On the other hand, writes Fitch Ratings in its free annual industry outlook, losses on fuel hedges have hurt U.S. airlines, with Delta Air Lines (NYSE: DAL), United Airlines (NASD: UAUA) and Southwest Airlines (NYSE: LUV) all recently indicating that margin calls have required them to cough up precious cash.

That’s worrisome, says Fitch, because of debt covenants at most airlines that require them to keep a certain minimum level of unrestricted cash on hand.

A restoration of healthy cash flow will be necessary in 2009 if carriers such as United, American and Northwest (which negotiated covenant relief during this year’s fuel crisis) are to comfortably meet fixed charge coverage requirements when compliance is tested again beginning next summer.

Legacy airlines in the U.S. have responded by cutting capacity between 10 and 15 percent in the current quarter.

With recessions on both sides of the Atlantic, European Airlines are beginning to experience the same pressures as U.S. airlines, according to CreditSights. Only European carriers have not yet been as aggressive about reducing capacity.

The abundant red in the table below illustrates how challenging the drop in consumer demand has become.

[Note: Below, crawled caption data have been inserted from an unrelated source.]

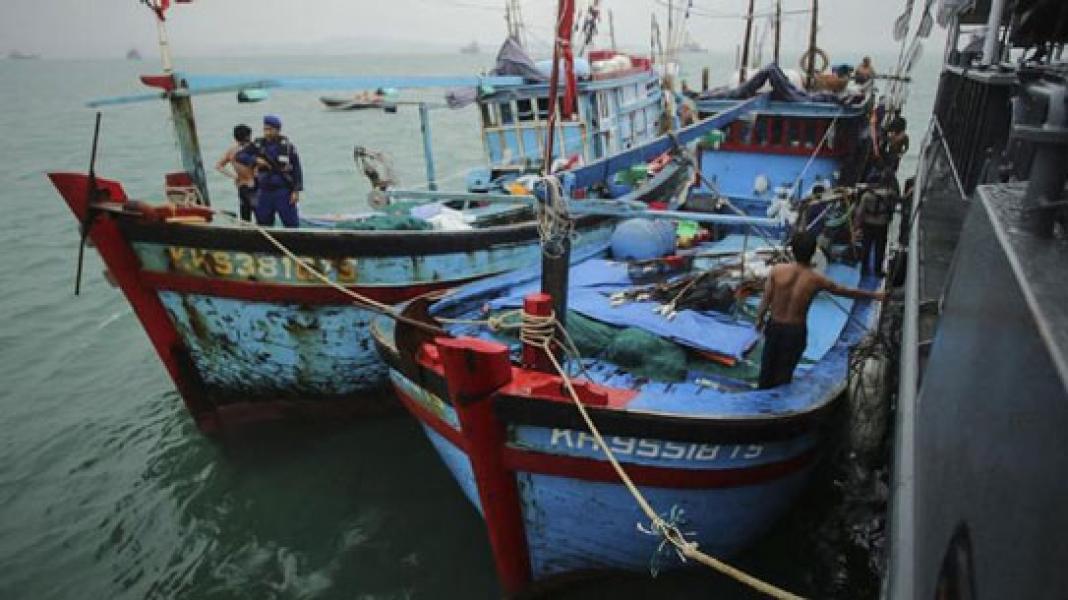 Bakamla Tangkap 2 Kapal Vietnam Pencuri Ikan di Natuna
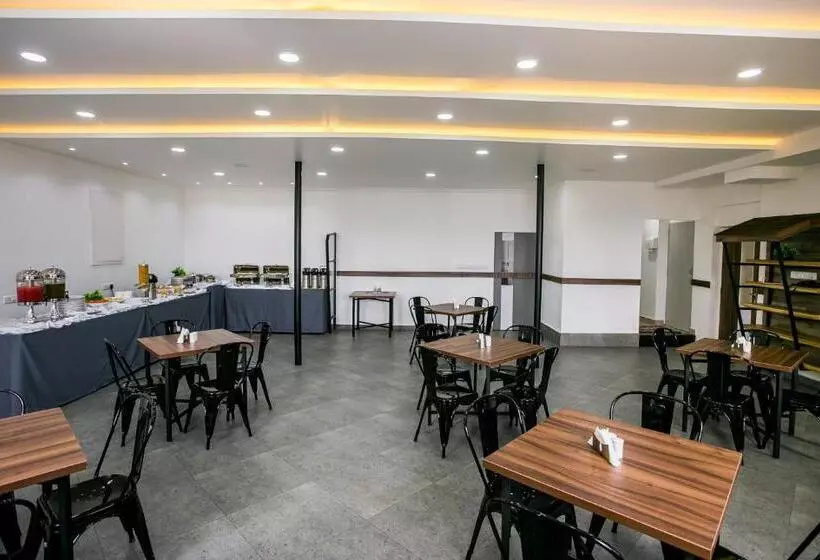 Hotelli Sapphire Club Metro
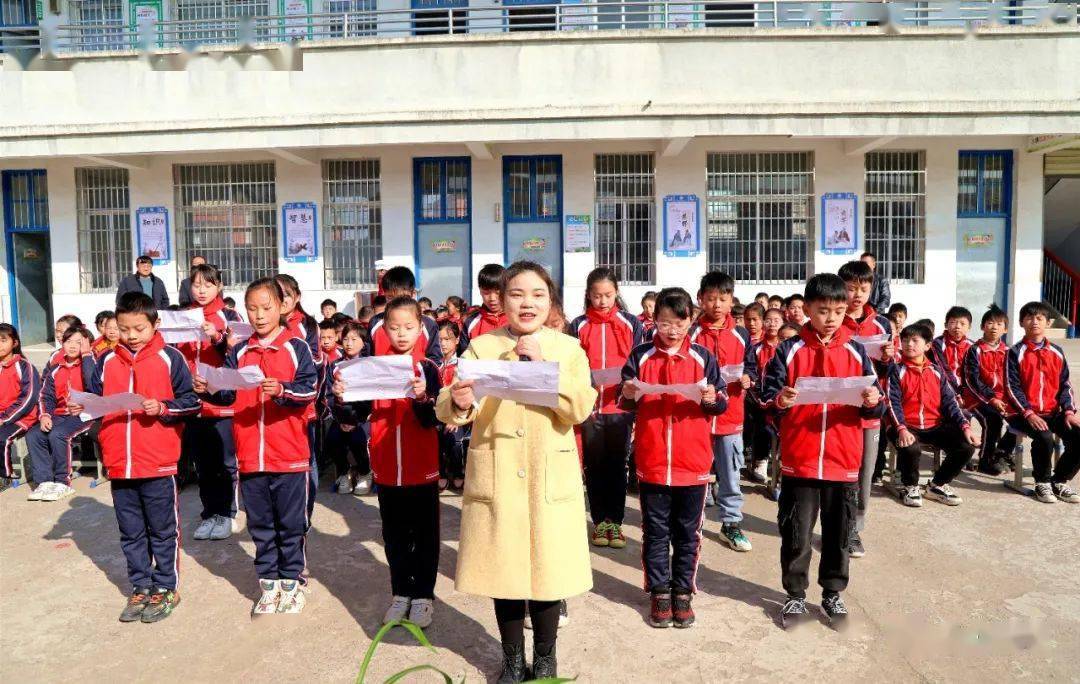 光山这里《雷锋的故事》随流动图书车进校园_活动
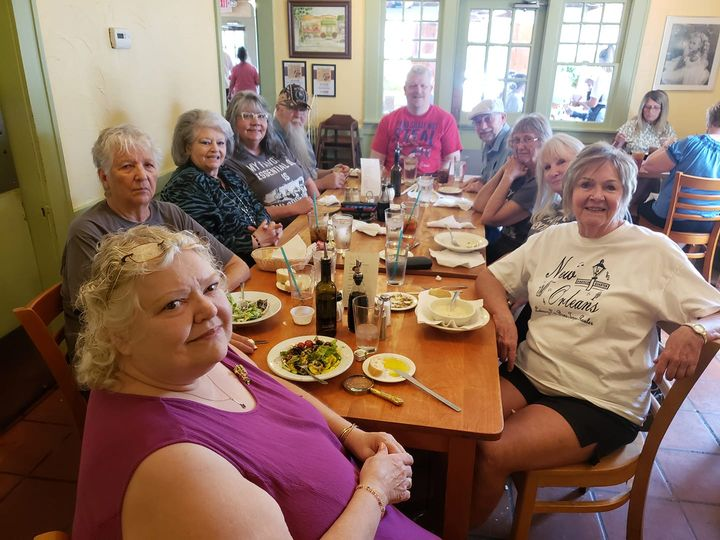 SleuthsinkSl's tweet photo. Lunch after the #morgue tour on Saturday.  @Curran3Lois @susanskeene @shirleymccann @PaperbackPress @NancyBDailey  Kathy Garnsey, Conetta Taylor, Dennis Holmes, Ken Gardner and Jim Wilder https://t.co/WkD7iYDJxo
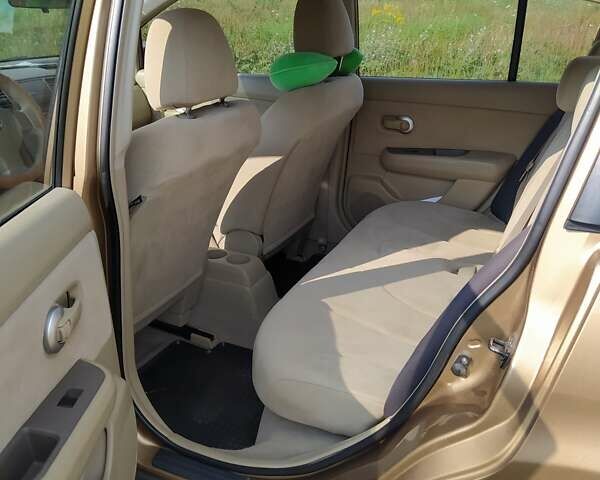 Коричневый Ниссан Тиида, объемом двигателя 1.6 л и пробегом 151 тыс. км за 5750 $, фото 2 на Automoto.ua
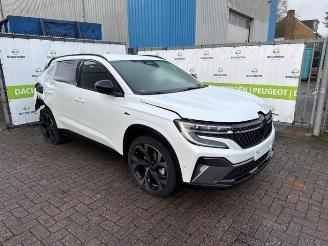 Démontage voiture Renault Austral Austral, SUV, 2022 1.2 E-Tech Hybrid 200 2023/11
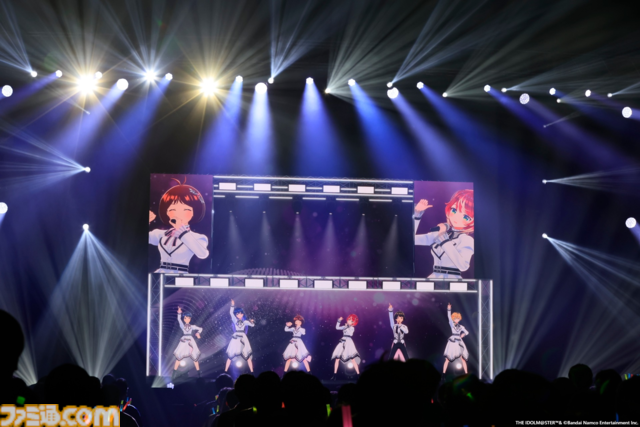 876プロ全メンバーが集結した"-UNDER ONE SKY !!!!!!-"リポート。『アイマス ディアリースターズ』×『ヴイアライヴ』の6人で歌う新曲『ソライロ！』やユニットの垣根を超えたデュオ歌唱も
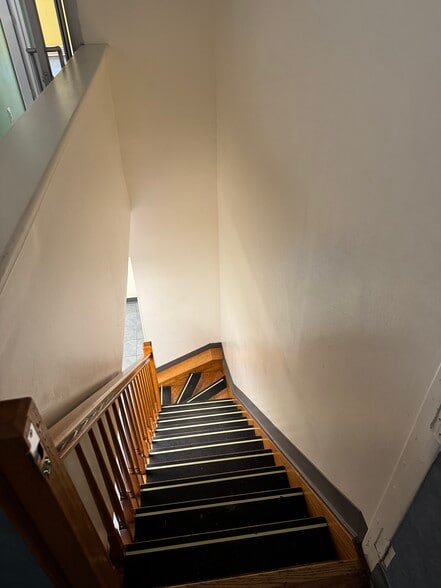 More Photos Of 1787 Madison Ave, New York Apartments For Lease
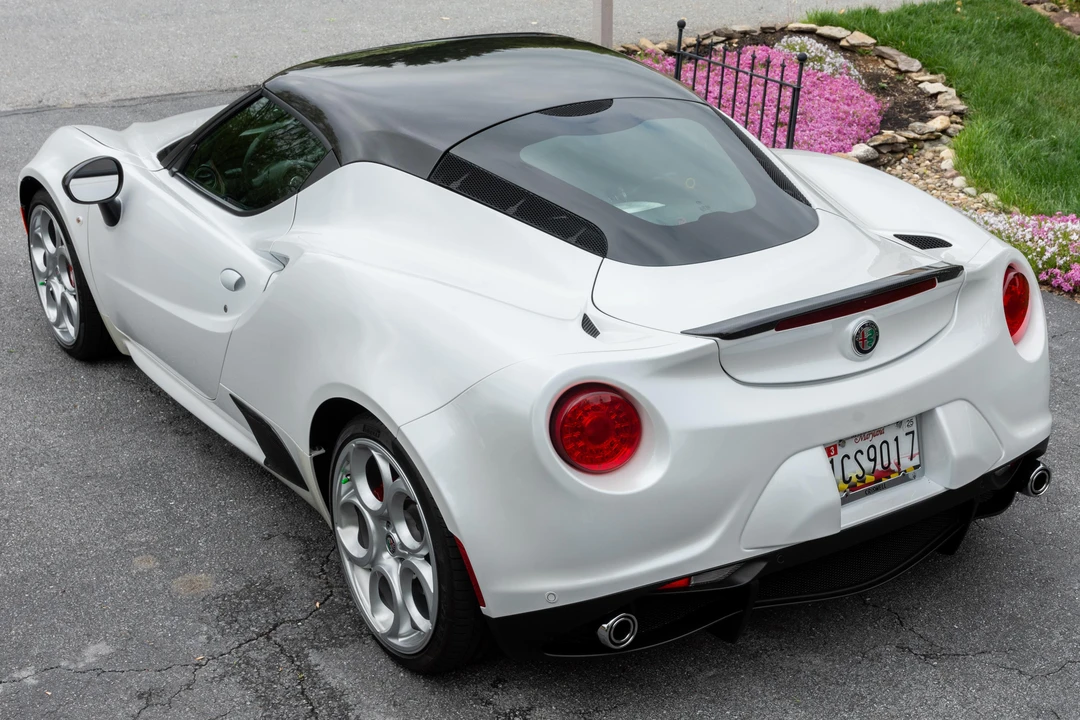 2017 Alfa Romeo 4C Coupe - Image 10 of 31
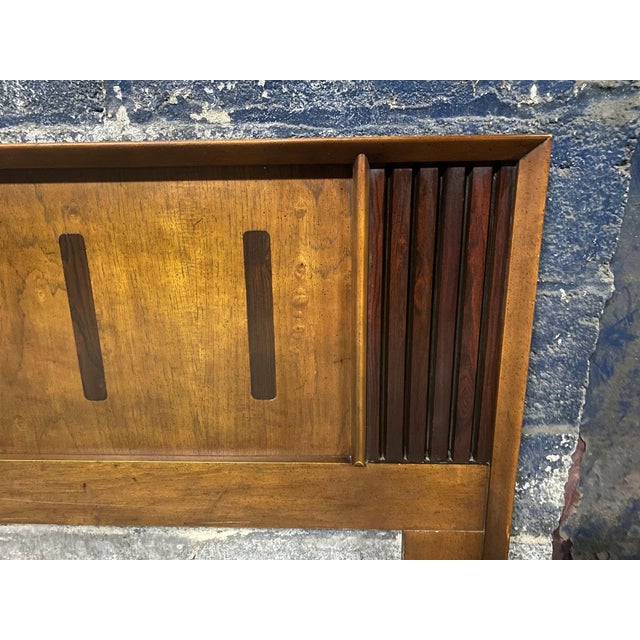 Mid-Century Modern 1970s Lane Tower Suite Headboard Attributed to Dave Parmalee For Sale - Image 3 of 6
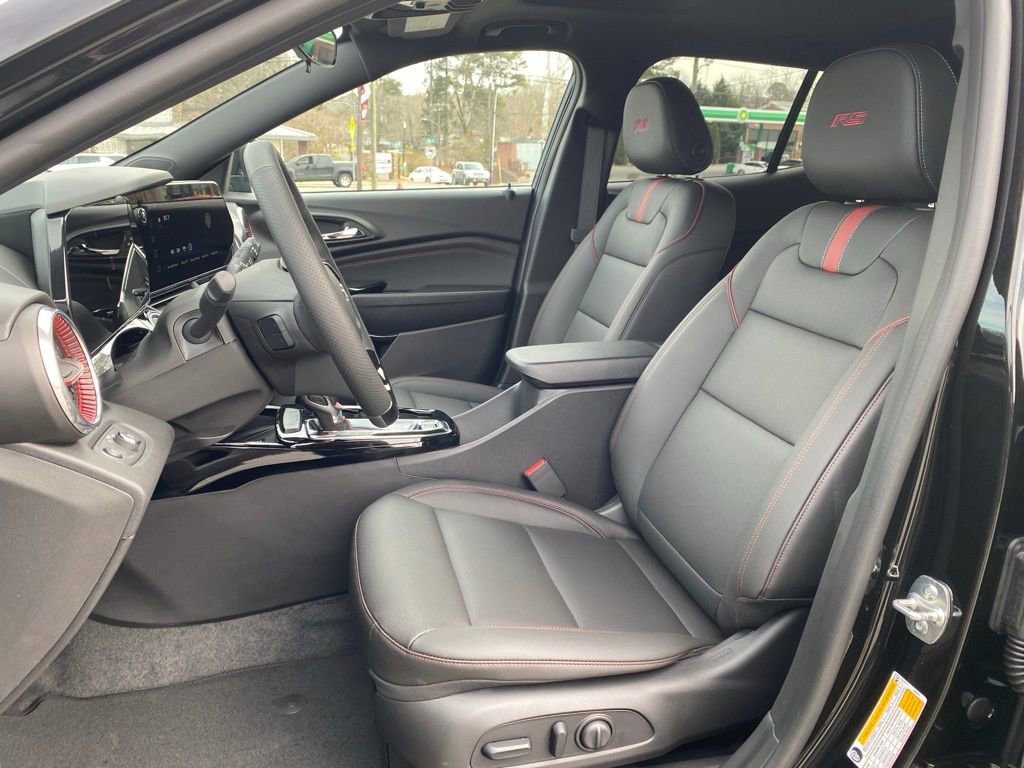 New 2026 Chevrolet Trax RS w/ Sunroof Package FWD image 10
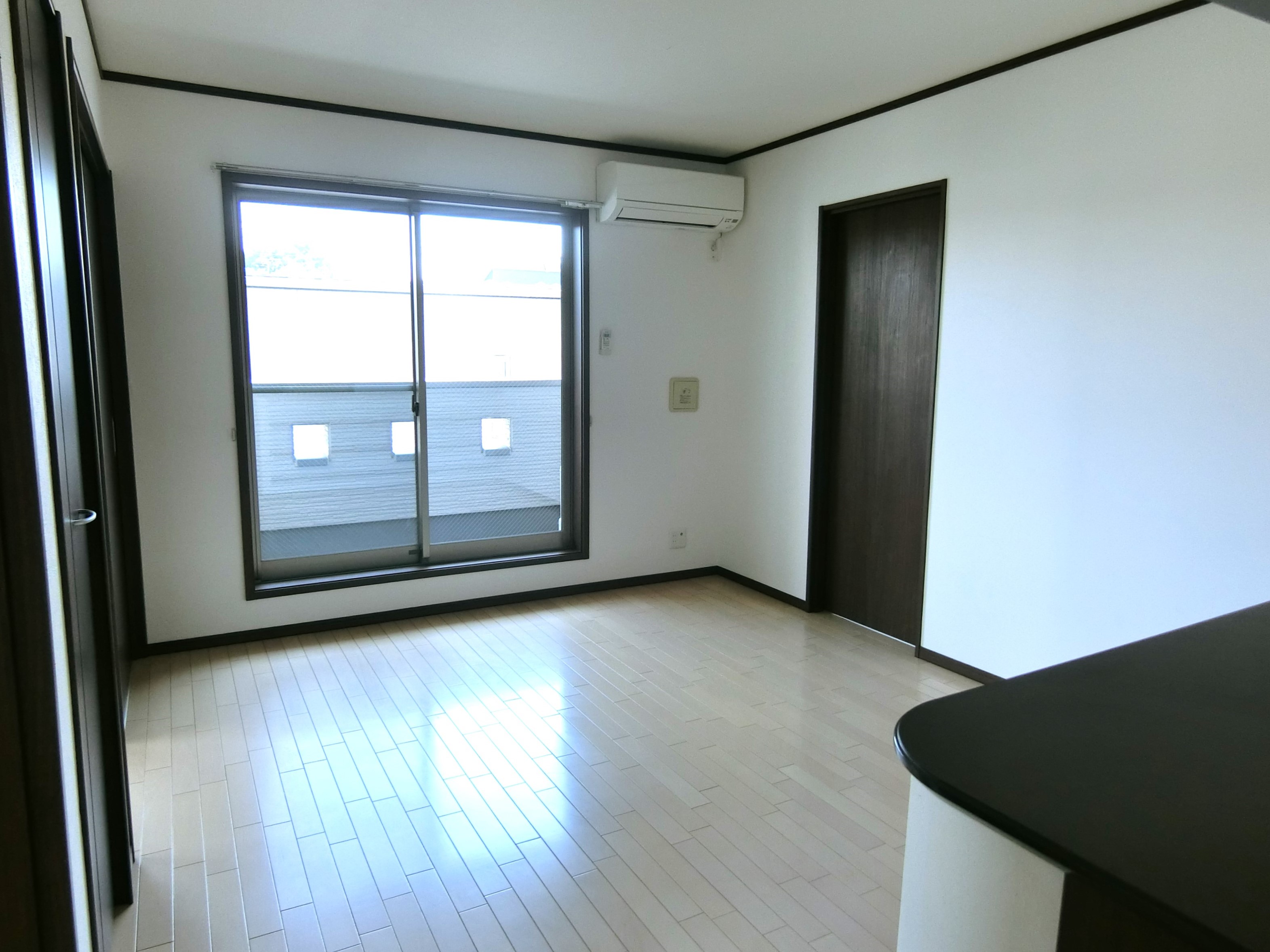 居室・リビング　※写真は反転タイプのお部屋です。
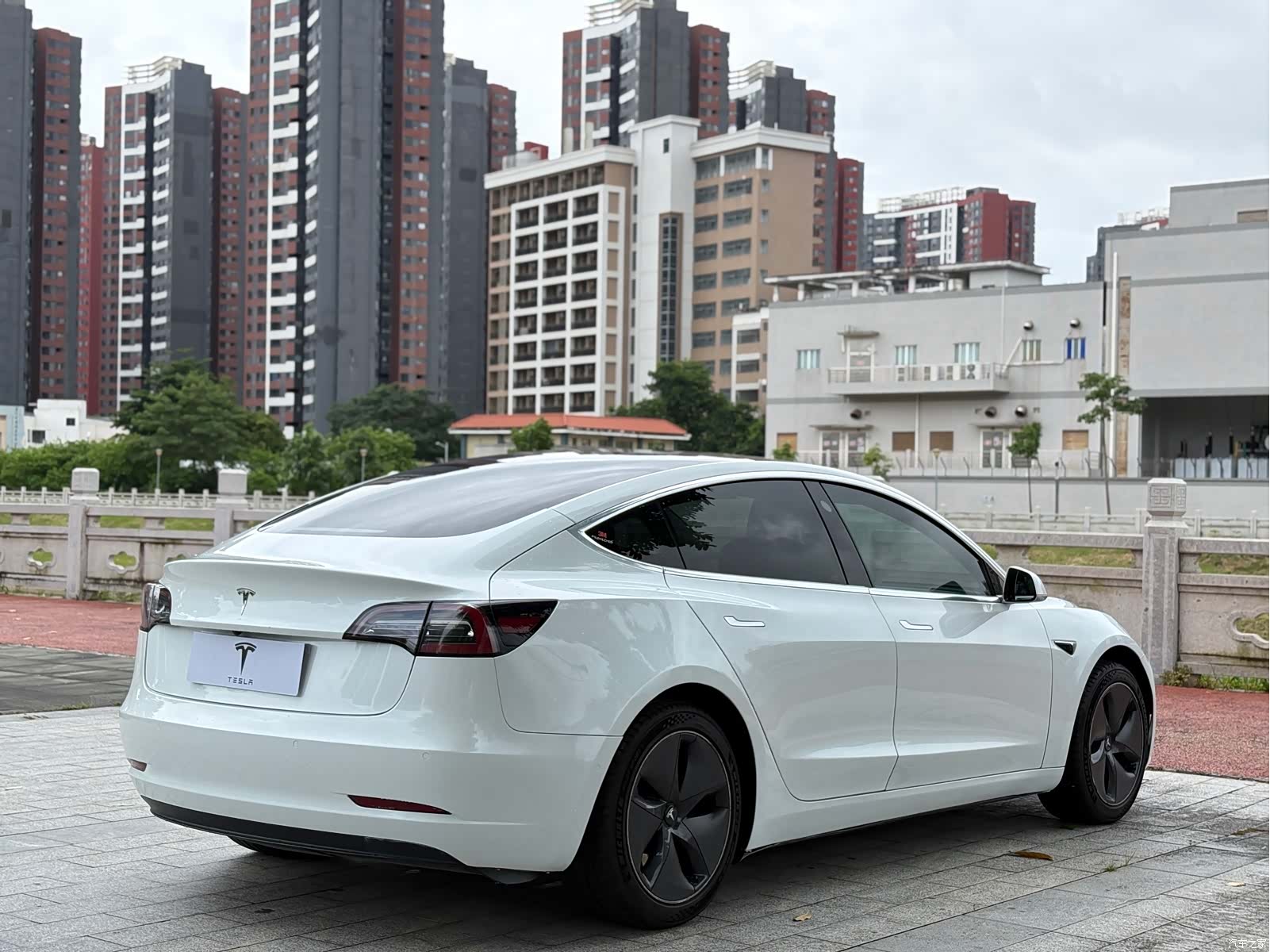 Tesla Model 3, 2020 9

If there’s a silver lining in the global airline business, it’s in China, where despite a 4.6-percent drop in international traffic in October from a year ago, domestic traffic is up 3.2 percent, according to South Korea’s Woori Investment and Securities.

Woori is forecasting an 8 percent rise in traffic in 2009, based on continued domestic strength, but says global traffic declines will keep a lid on airlines with international routes.